------ INPUT MATERIAL
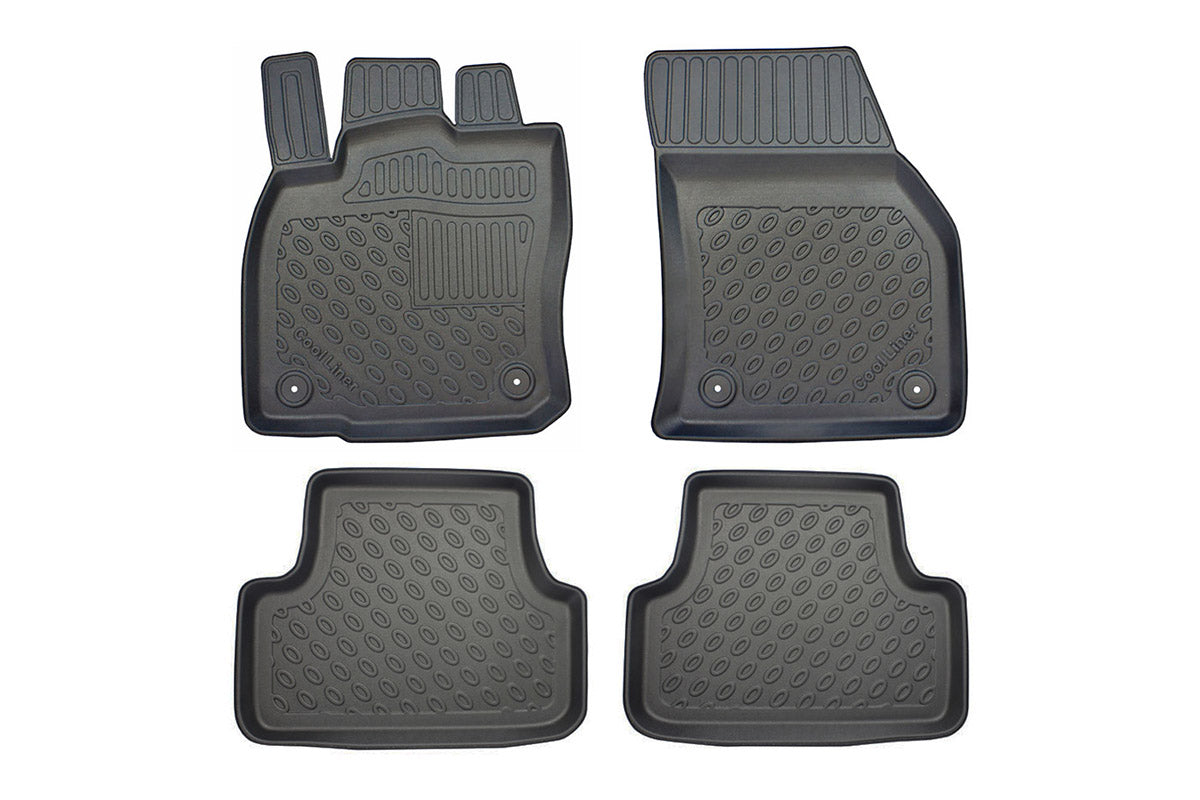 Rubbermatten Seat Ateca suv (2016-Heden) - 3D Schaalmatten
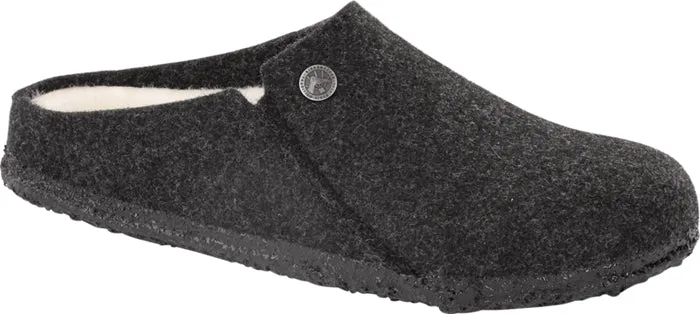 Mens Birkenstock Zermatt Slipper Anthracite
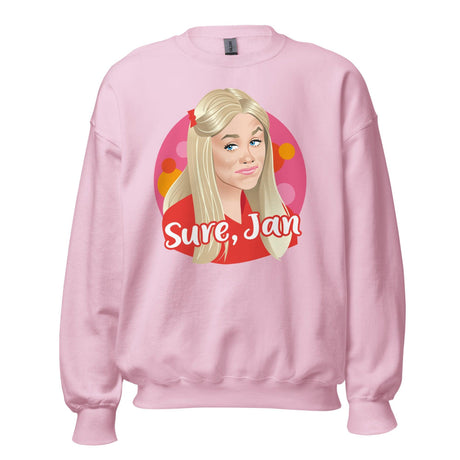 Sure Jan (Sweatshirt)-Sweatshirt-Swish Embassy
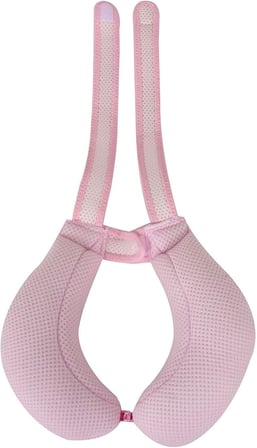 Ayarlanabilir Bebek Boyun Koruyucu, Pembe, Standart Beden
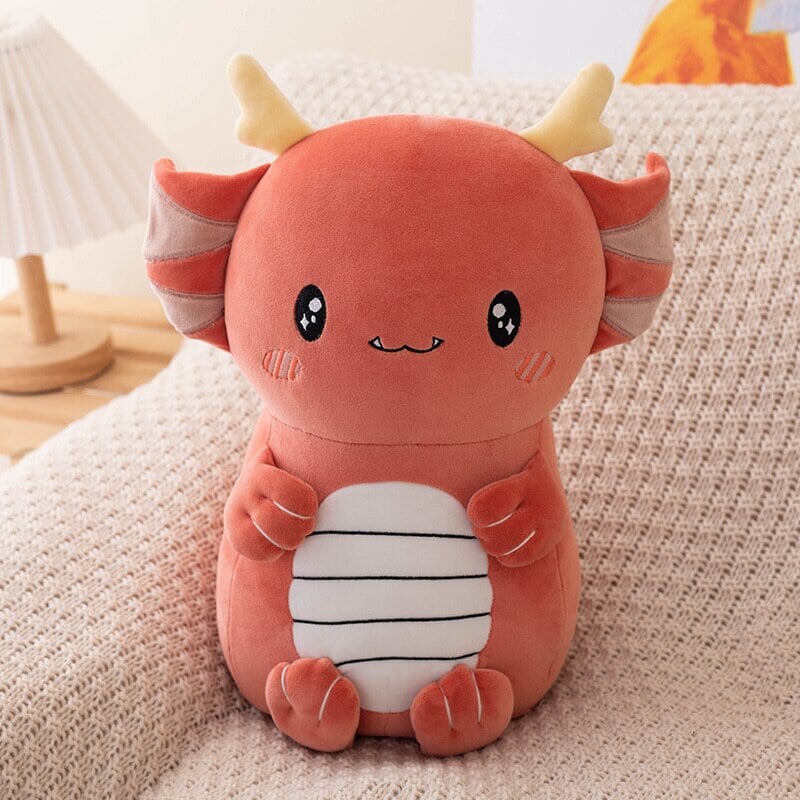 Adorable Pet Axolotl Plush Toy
------------
=== THE PROBLEM ===
The lines from the one holding "Sure Jan (Sweatshirt)-Sweatshirt-Swish" through the end of the entries are to be transcribed exactly, both ends included, with the pictures left out.

=== RESPONSE ===
 Sure Jan (Sweatshirt)-Sweatshirt-Swish Embassy
 Ayarlanabilir Bebek Boyun Koruyucu, Pembe, Standart Beden
 Adorable Pet Axolotl Plush Toy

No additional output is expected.